On Thu, Mar 24, 2011 at 1:22 PM, Greg Chicares <gchicares@...> wrote:
> On 2011-03-24 16:16Z, K. Frank wrote:
> Thanks. It has already been answered there. I was staring at those
> inserters in the standard, and I should have seen the answer...
> basic_ostream<charT,traits>& operator<<(const void* p);
> template<class charT, class traits>
> basic_ostream<charT,traits>& operator<<(basic_ostream<charT,traits>&, const charT*);
> ...which is that the free function can't bind to a non-const reference.
Yes, as far as the specific question I posted on comp.lang.c++,
it looks like this is the solid, standard-based answer.
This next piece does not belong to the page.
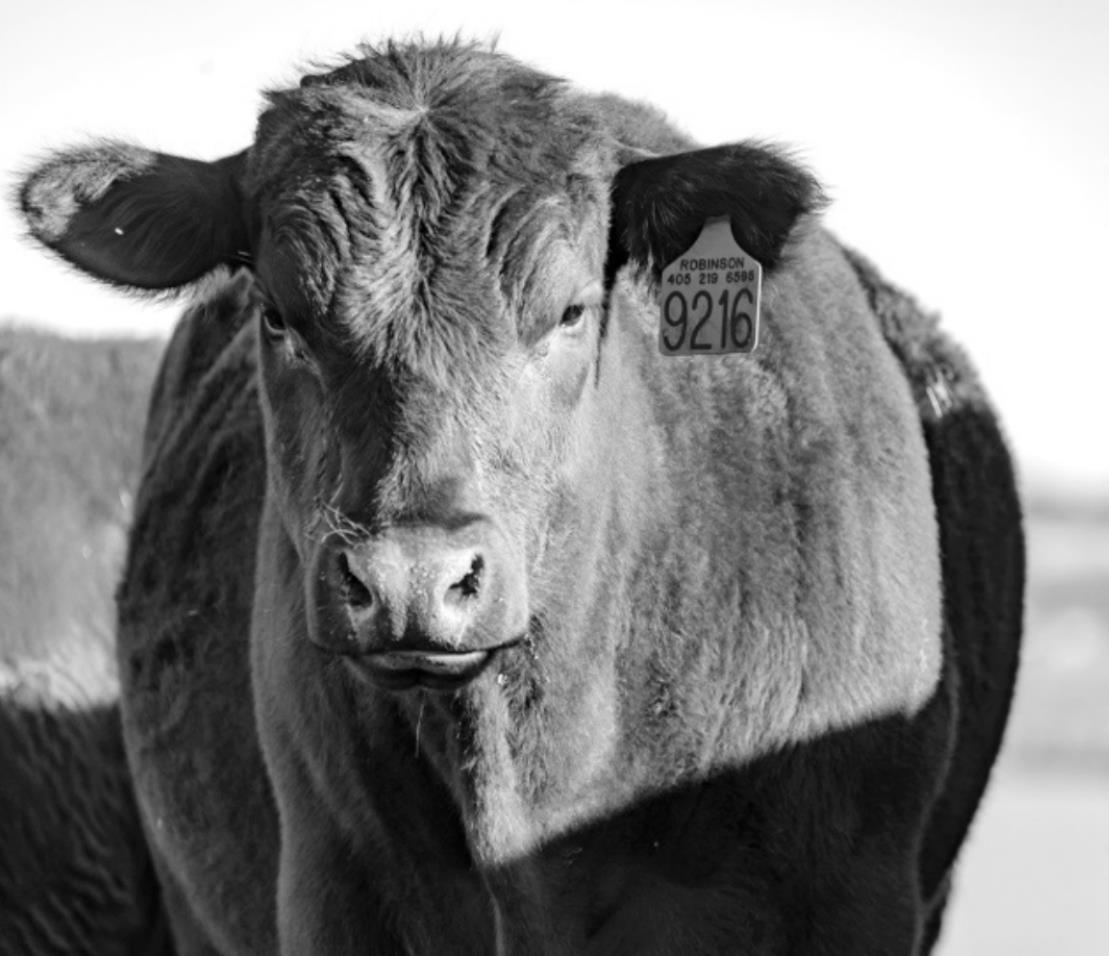 Get the Most Out of Higher Cattle Placement Weights in Feedlots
On Thu, Mar 24, 2011 at 1:44 PM, Greg Chicares <gchicares@...> wrote:
> On 2011-03-24 17:22Z, Greg Chicares wrote:
>> But those functions are the same in C++2003, AFAICT,
I expect that g++ is largely compliant with c++2003, the current
> However, C++0x extends beyond C++2003.
>> so is 'g++ -std=c++0x' in error?
Yes, "-std=c++0x" turns on some (a lot) of the features of the of the
new c++0x draft standard. I agree that operator<< for char* is a free
function in c++0x, that is, not a member function of ostream. (I have
a copy of the draft standard, but unfortunately not a copy of the current
standard, so I have to rely on others for what the current standard says.)
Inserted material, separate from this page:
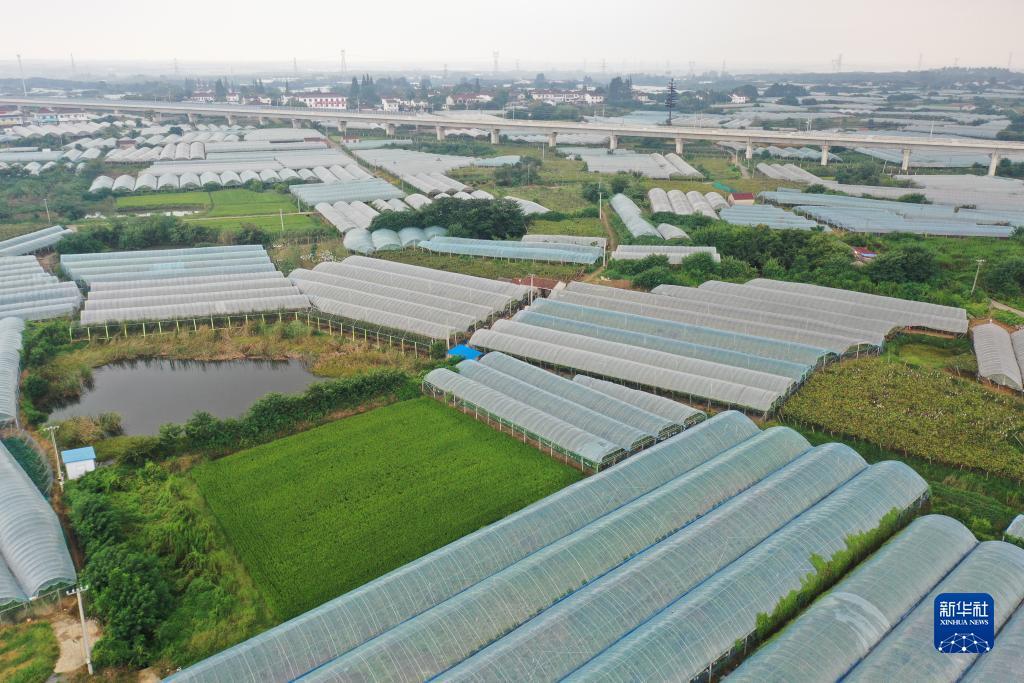 新澳门天天彩资料大全2025年资料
So in terms of member / non-member function, we still have the same
But "-std=c++0x" might be right for another reason.
> Or does N1377
> come into play here?
Yes, maybe. I think this is similar to what Kai was saying. I haven't
yet absorbed 12.2, "Temporary objects," the section Kai referred to.
(How shall I say this? I don't always find the language of the standard
to be, well, optimally transparent.),
I'm not sure that this is directly related to move semantics, but I think
Kai is saying that the draft c++0x standard relaxes the restriction that
prevents binding a non-const reference to a temporary.
If so, then we can use the non-member operator<< for char* (by
binding to its ostream& reference argument), rather than the
member operator<< for void*. That would seem to give a consistent
explanation of what we're seeing, and g++ would be correct in
both cases (both with and without "-std=c++0x").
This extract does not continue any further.